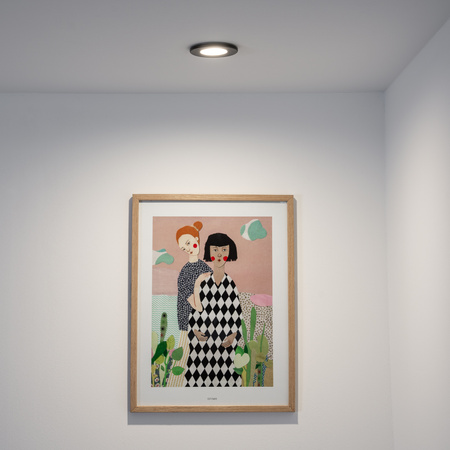 Einbaustrahler GU10, Einbauspot HALOGEN hermetisch für Badezimmer IP44 Schwarz AQUA LUMILED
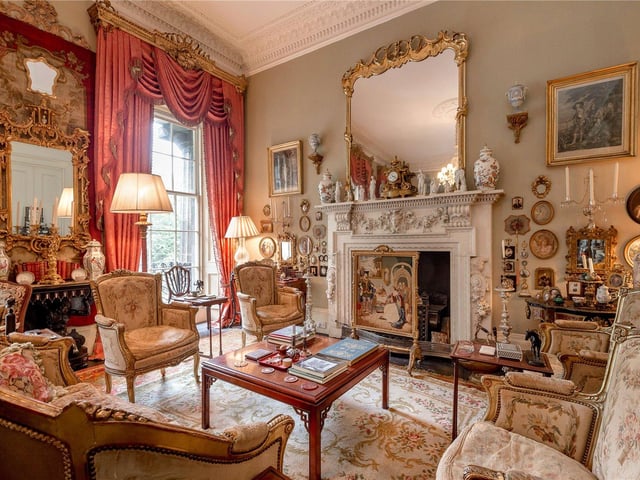 Described as "of particular note", the drawing room boasts a magnificent marble mantelpiece which, although not original to the property itself, is still a wonderful feature
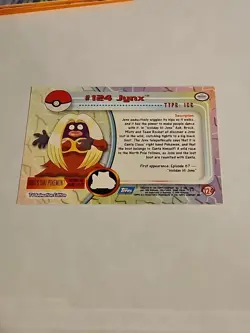 Pokemon Topps #124 Jynx TV Animation Edition Blue Label LP - Image 2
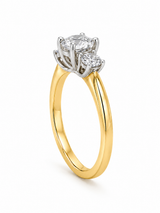 Bague Solitaire Or Blanc 14K Diamant Lab 1,02ct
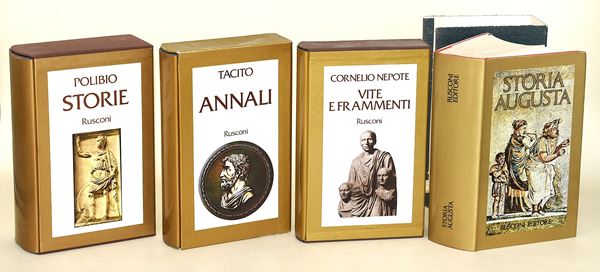 Rusconi / Storia Augusta - Nepote - Tacito - Polibio (4 volumi)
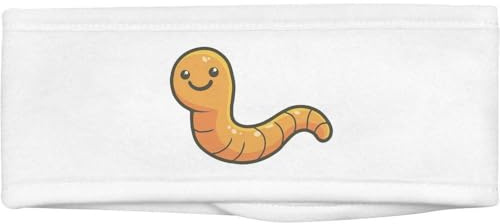 Azeeda 'Cute Smiling Worm' Beauty Head Band/Hair Band (HB00041915)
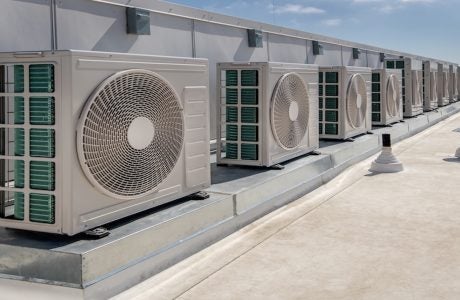 large air conditioning units on building rooftop
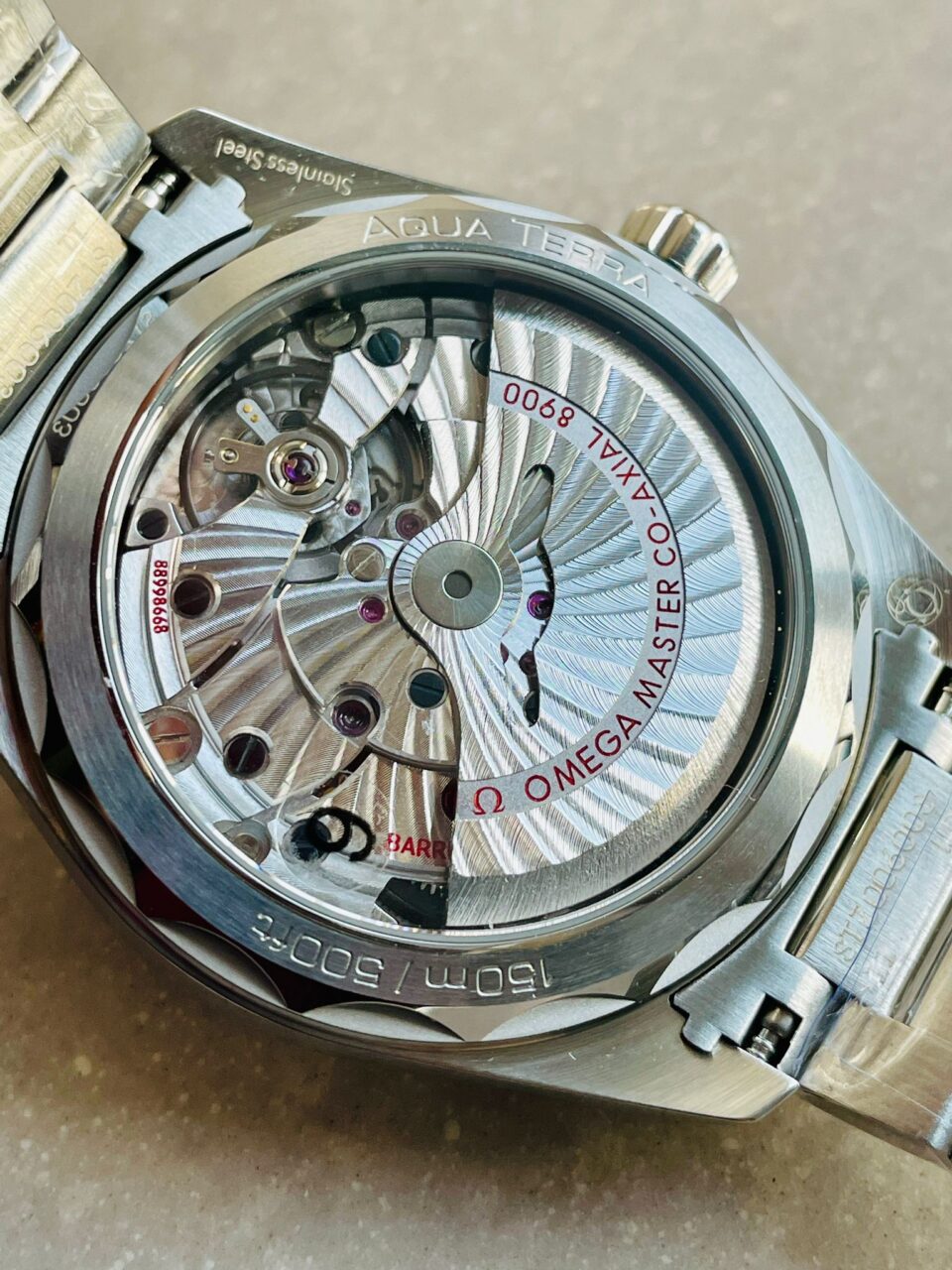 Aqua Terra 150M Master Chronometers VSF 1:1 Best Edition White Dial on SS Bracelet A8900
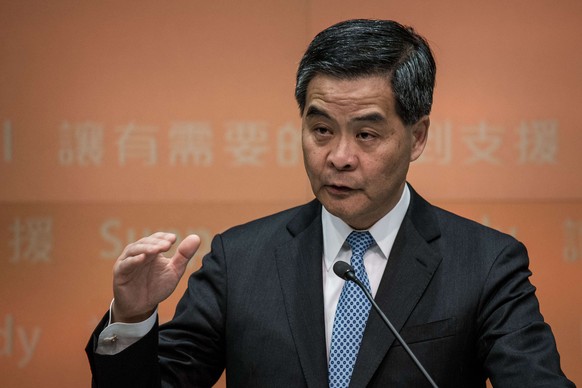 Leung Chun-ying, der umstrittene Regierungschef von Hongkong.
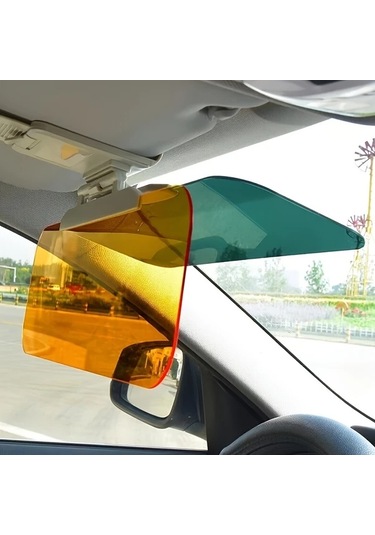 Boatshop1 1pc Araç Anti Parlama Güneşlik Gündüz Gece Kullanım Abs Malzeme Çoğu Araç İçin Şık Rüzgarlık Aksesuarı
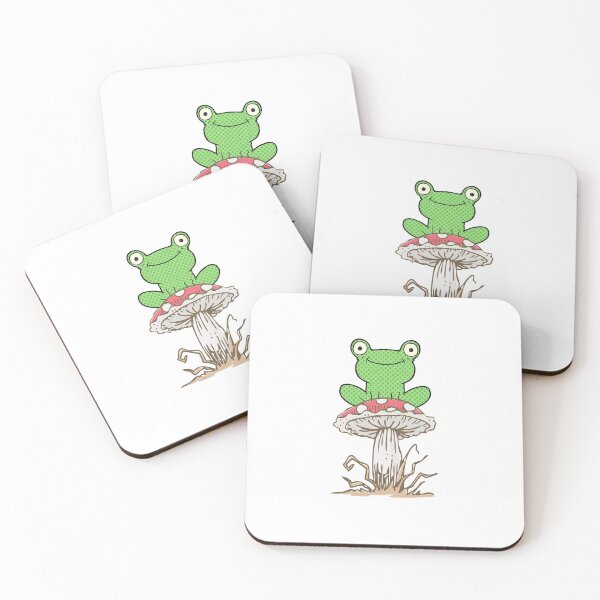 Item preview, Cute frog and mushroom designed and sold by vashumaso.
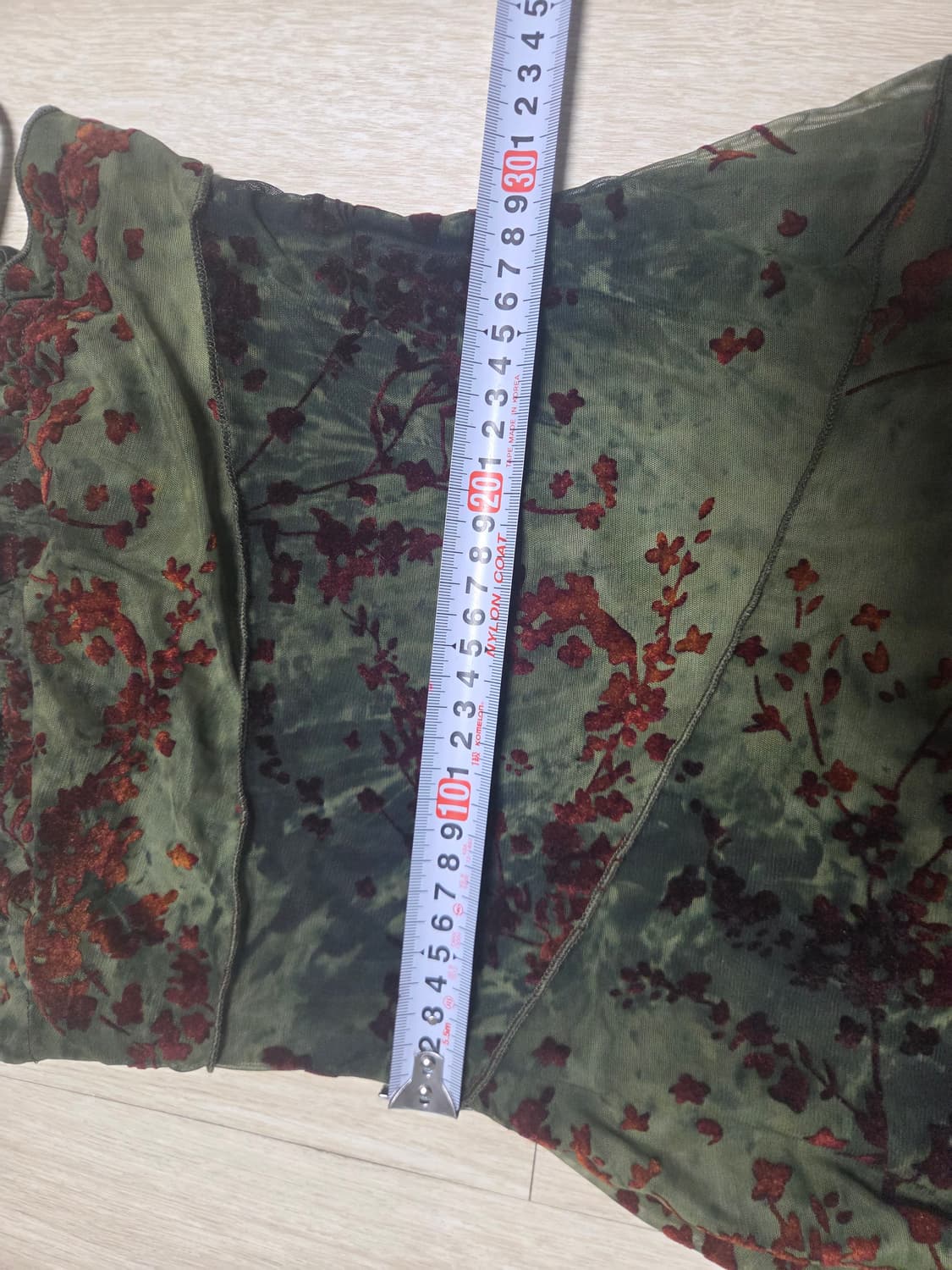 레트로 캐미 원피스 튜닉 꽃무늬 상품이미지4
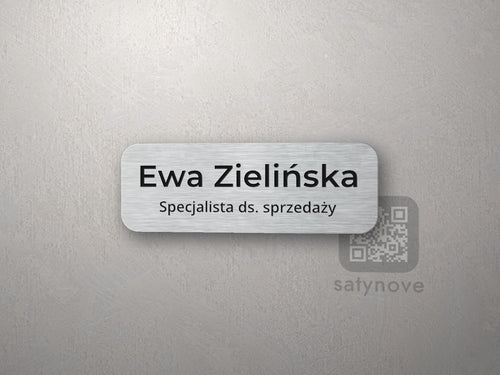Identyfikator imienny srebrny
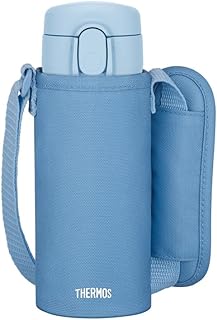 Thermos FJV-400F ASB Vacuum Insulated Straw Bottle, 14.1 fl oz (410 ml), Ash Blue, For Cold Retention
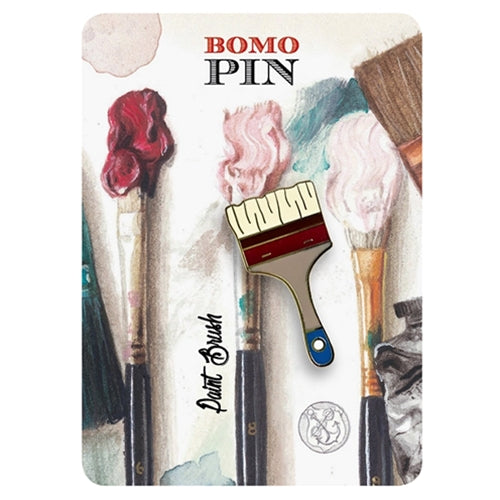 Bomo Art Budapest Enamel Pin- Paint Brush Bomo Art Budapest Enamel Pin- Paintbrush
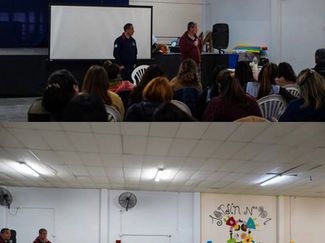 Prevención y contingencia: Junto a Defensa Civil y Bomberos Voluntarios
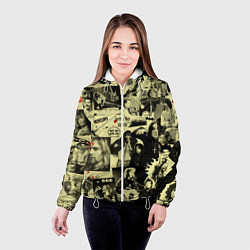 Куртка с капюшоном женская РОК КУМИРЫ, цвет: 3D-белый — фото 2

______

◆ Task to carry out ◆
Set down the data above word for word, leaving every picture out.

◆ Written solution ◆
 Einbaustrahler GU10, Einbauspot HALOGEN hermetisch für Badezimmer IP44 Schwarz AQUA LUMILED
 Described as "of particular note", the drawing room boasts a magnificent marble mantelpiece which, although not original to the property itself, is still a wonderful feature
 Pokemon Topps #124 Jynx TV Animation Edition Blue Label LP - Image 2
 Bague Solitaire Or Blanc 14K Diamant Lab 1,02ct
 Rusconi / Storia Augusta - Nepote - Tacito - Polibio (4 volumi)
 Azeeda 'Cute Smiling Worm' Beauty Head Band/Hair Band (HB00041915)
 large air conditioning units on building rooftop
 Aqua Terra 150M Master Chronometers VSF 1:1 Best Edition White Dial on SS Bracelet A8900
 Leung Chun-ying, der umstrittene Regierungschef von Hongkong.
 Boatshop1 1pc Araç Anti Parlama Güneşlik Gündüz Gece Kullanım Abs Malzeme Çoğu Araç İçin Şık Rüzgarlık Aksesuarı
 Item preview, Cute frog and mushroom designed and sold by vashumaso.
 레트로 캐미 원피스 튜닉 꽃무늬 상품이미지4
Identyfikator imienny srebrny
 Thermos FJV-400F ASB Vacuum Insulated Straw Bottle, 14.1 fl oz (410 ml), Ash Blue, For Cold Retention
 Bomo Art Budapest Enamel Pin- Paint Brush Bomo Art Budapest Enamel Pin- Paintbrush
 Prevención y contingencia: Junto a Defensa Civil y Bomberos Voluntarios
 Куртка с капюшоном женская РОК КУМИРЫ, цвет: 3D-белый — фото 2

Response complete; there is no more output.